Preschoolers have boundless amounts of energy and are always looking for the next thing to get into. Coming up with fun and education activities for them can sometimes be a challenge, but the internet is a GREAT resource to help you come up with ideas. Here are a couple activities from the website Net Mums:
See how many objects you can find lying around the house and use them to make different textures across paper (try pine cones, combs, coins or leaves). Lay some paper over the top of the item and use crayons or chalk to rub across the top of the paper. The result will be a mixture of interesting patterns and offers a creative way to teach children about varying textures and shapes.
What you’ll need:
- Lollipop sticks
- Felt (various colours)
- Glue/needle & thread
Great for role-playing, book marking or as treats in goodie bags, these mini puppets have a multitude of uses and are super-easy to make. The best place to start is to make your animal head. Go for an elephant option (like the one illustrated above) or opt for a tiger, lion or monkey – you can draw sketches first, look for pictures in books or simply let your child use their own creativity to make the face.

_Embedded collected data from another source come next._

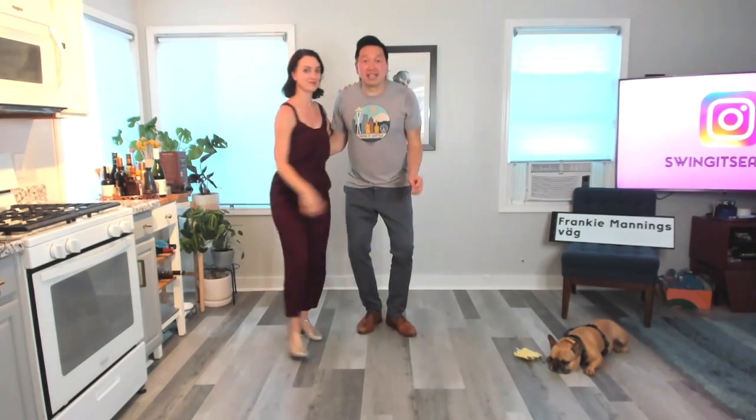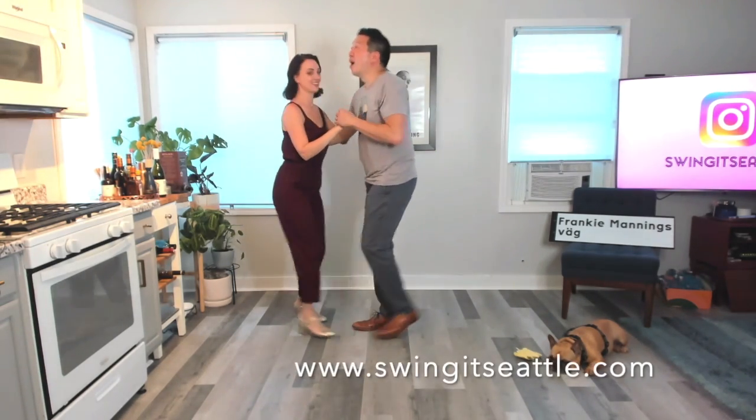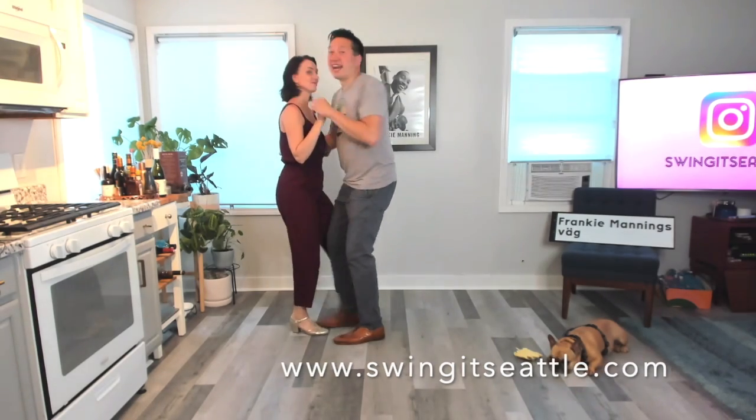We also reviewed the jive kicks: rock step, kick, a kick, get a kick. Rock step, together, together, together, together, and you open up. Week number three. Thanks for joining.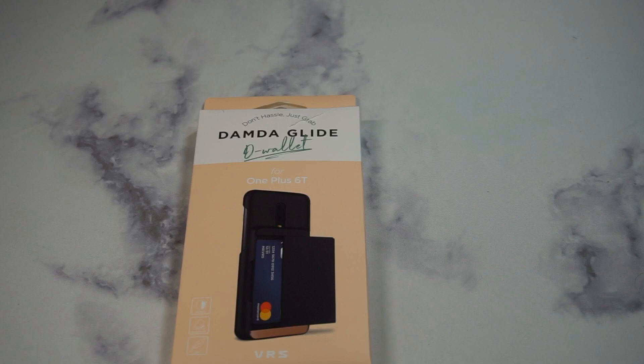What is up guys, welcome to the Big Unbox where we do small tech. Today I am back with another big unboxing for you for the OnePlus 6T. Today we're back with a case from VRS — this is going to be their wallet series, called the D Wallet. We'll unbox it, do a quick review, and as always throw up the link in the video description if you want to check this one out.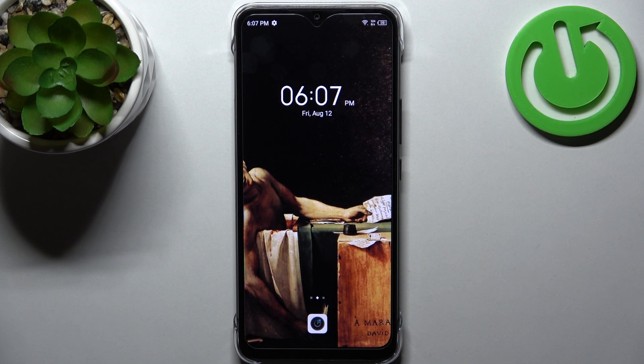Here I have the Infinix Hot 12i, and today I'm going to show you how to scan QR codes on this device.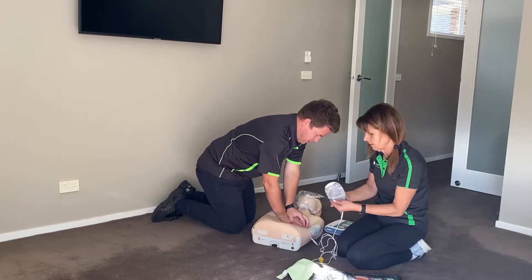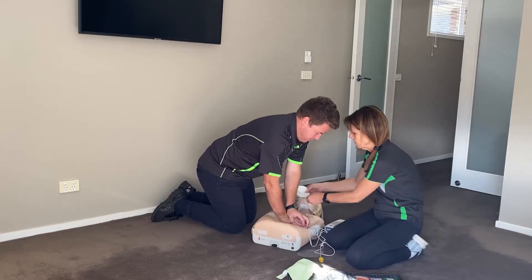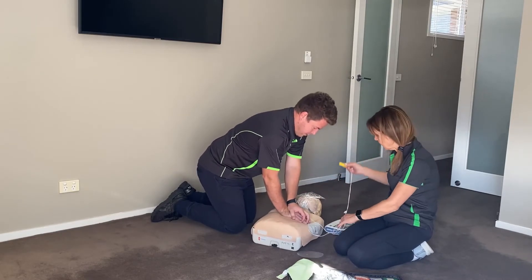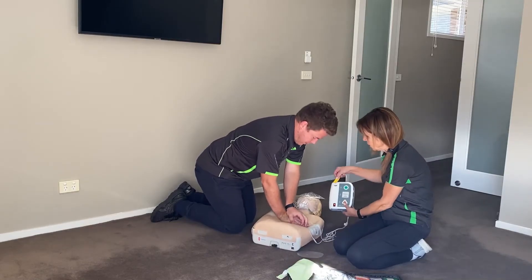Apply pads and plug in the connector. Once we're ready, we plug the defibrillator into the flashing light.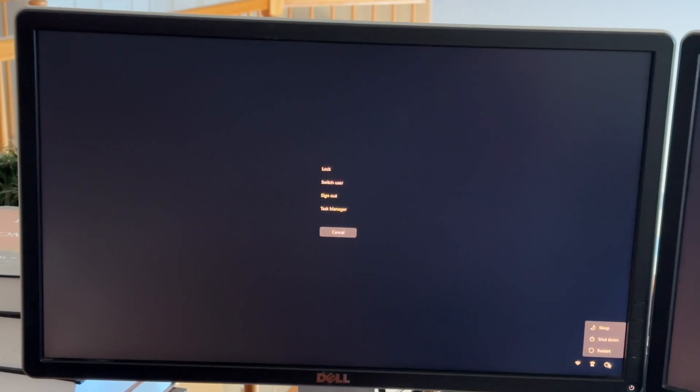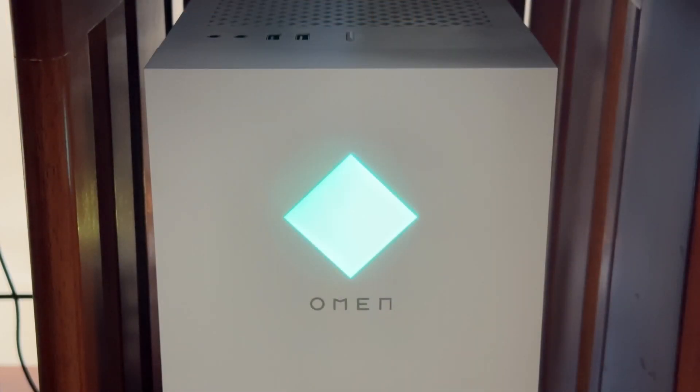Click on the power button and you can choose to either restart or shut down your computer. For this example, we'll be shutting down the computer. Your computer should then turn off.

Help them cut the shapes out with scissors and stick the felt together with glue. For the eyes, use white felt with black felt tip on top or buy some ready made ‘beady eyes’ from your local craft shop. All that’s left to do is mount it onto the stick and hey-presto, you have a ready-made lollipop puppet!
Big feet, little feet
Encourage your child to think about size. A fun way of doing this is to do hand or foot prints and then see whose print is the biggest. Help your child to cut the prints out and add additional decorations (crayon or pen patterns over the dried paint prints). Get the whole family involved so children can see the difference between, say, Baby Brother’s footprint and Daddy’s footprint. Your child can then line them up in order of size, with each family members name written on them.
Letters in the sand
Make a sand tray using some play sand and place it on the table in front of your child. Cut out some letters or use your child’s magnetic letters as a visual reference and let your child practise writing different letters in the sand with their fingers. A simple activity, good for younger children, which works equally well with paper and finger paints.